Project Type: On-Farm Research
Funds awarded in 2013: $15,000.00
Projected End Date: 12/31/2016
Region: Southern
State: Virginia
Principal Investigator:
Dr. Ramon Arancibia
University of Missouri Extension

Annual Reports


  • Fruits: general tree fruits


  • Crop Production: tissue analysis
  • Education and Training: on-farm/ranch research
  • Pest Management: field monitoring/scouting, weather monitoring
  • Production Systems: general crop production

    Proposal abstract:

    The purpose of this project is to generate information about jujube production, potential pests and consumer acceptance in Mississippi. Jujube (Ziziphus jujuba Mill) appears to have potential for production in Mississippi and the south because it seems to have no significant incidence of pests and diseases. Reduced or no pests incidence results in little or no pesticide use which would improve productivity and sustainability of the production system. Jujube is practically an unknown fruit to consumers and there is no information about establishment and production in Mississippi. Similarly, there is no information on potential pest and diseases that might be affecting the crop in Mississippi. Therefore, the information generated is expected to have a positive outcome, that is improve knowledge of for decision making about adopting sustainable jujube production in Mississippi and the region.

    Project objectives from proposal:

    The objectives of this on-farm research proposal are:
    1) To evaluate performance during establishment of jujube under sustainable production system in Northeast Mississippi,
    2) To document and evaluate the incidence of potential pests and diseases affecting jujube
    3) To determine consumer acceptance at the local market.

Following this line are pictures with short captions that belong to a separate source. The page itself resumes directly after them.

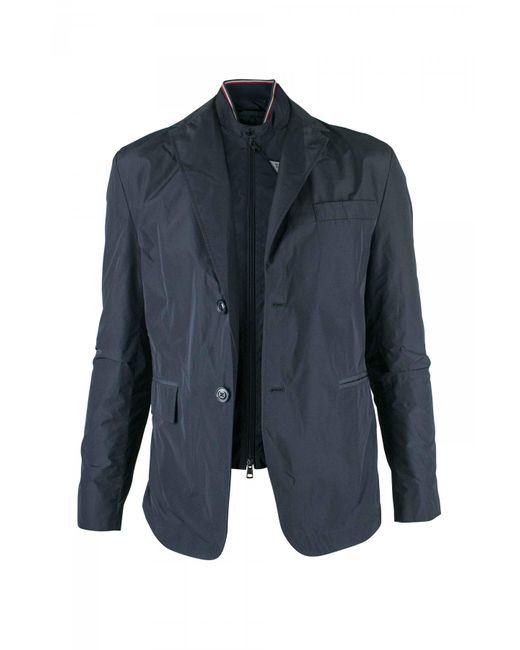 Moncler Blue Mayenne Jacket for men
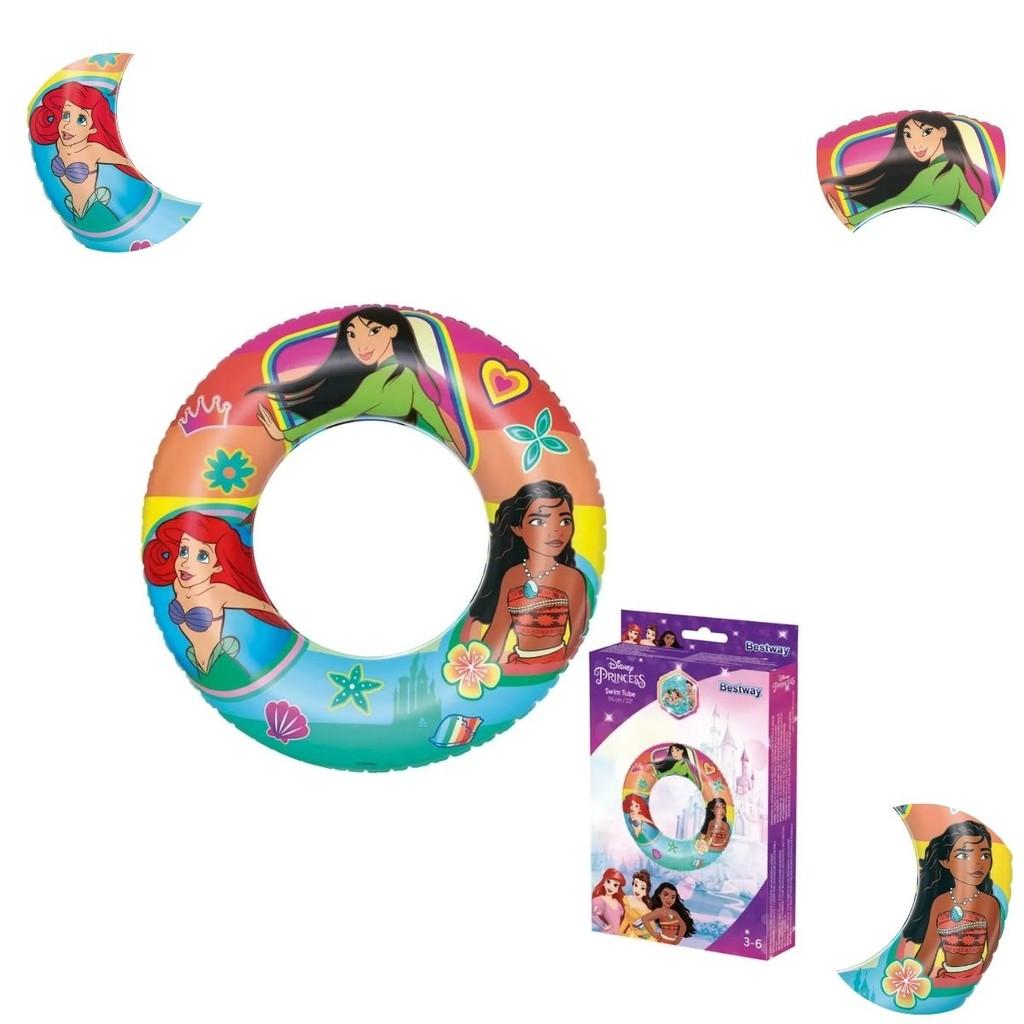 Bóia Redonda Princesas Pvc Infantil Piscinas Praias Mor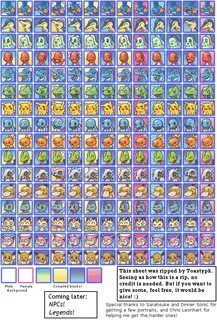 Pokemon Mystery Dungeon - Starter Portraits Pokémon super my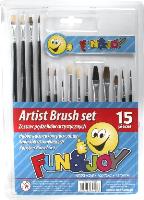 Opakowanie Zestaw pędzelków artystycznych 15szt.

    Sustainability is based on diversity in the production system as a whole and jujube appears to have potential as a fruit crop to increase sustainability in a fruit production system. Since jujube appears to have little or no significant pests and diseases in the US, it could be an excellent alternative crop to complement sustainable and perhaps organic production systems in the southern region. Little or no incidence of pests and diseases results in little or no pesticide use and in a long orchard life span which may improve sustainability.
    The purpose of this project is to generate information about jujube production, potential pests and consumer acceptance in Mississippi. Jujube or Chinese date is a deciduous tree with an open irregular form. The tree can be formed as a single trunk and can reach 15 to 35 feet in height with 10 to 30 feet in diameter. Performance of different varieties, establishment and formation, pruning, pests and diseases, harvest and storage, and consumer acceptance would be important information necessary for decision making and to promote production of this fruit crop in Mississippi and the southern region.
    Parameters that will be measured are growth and phenological events (vegetative and reproductive bud break, first flower open, flowering period, fruit set, ripening, and time to harvest) to differentiate varieties and to associate them with nutrient status and environmental conditions. Agronomic parameters will be tree size (height, trunk diameter and total growth), flowers to fruit set ratio, fruit size, color, and yield. In addition, soil and air temperature, relative humidity, wind and rain will be monitored to determine environmental conditions associated with growth, phenological events and potential insect/disease outbreaks. Soil will be monitored in spring summer and fall for fertility and nematode populations by submitting samples to appropriate testing laboratories. Nutrient status of the trees will be monitored also by tissue analysis. Since there is no information on the appropriate location of the leaves to sample in jujube, the nutrient status of leaves from different growth types (secondary, mother and fruiting shoots) will be evaluated. Although pest and disease incidence in jujube are not significant in the US, we will be monitoring and samples will be submitted to the appropriate extension specialist or test laboratory for further identification.
    Consumer acceptance will be tested by allowing consumers to taste the different varieties and request a simple evaluation (scale 1 to 5) as to whether they like it or not. In addition, sweetness, sourness, flavor, texture, mouth feel, and overall taste will be evaluated. The score will be compared to the consumer survey and used to determine potential acceptability among consumers.

    Any opinions, findings, conclusions, or recommendations expressed in this publication are those of the author(s) and do not necessarily reflect the view of the U.S. Department of Agriculture or SARE.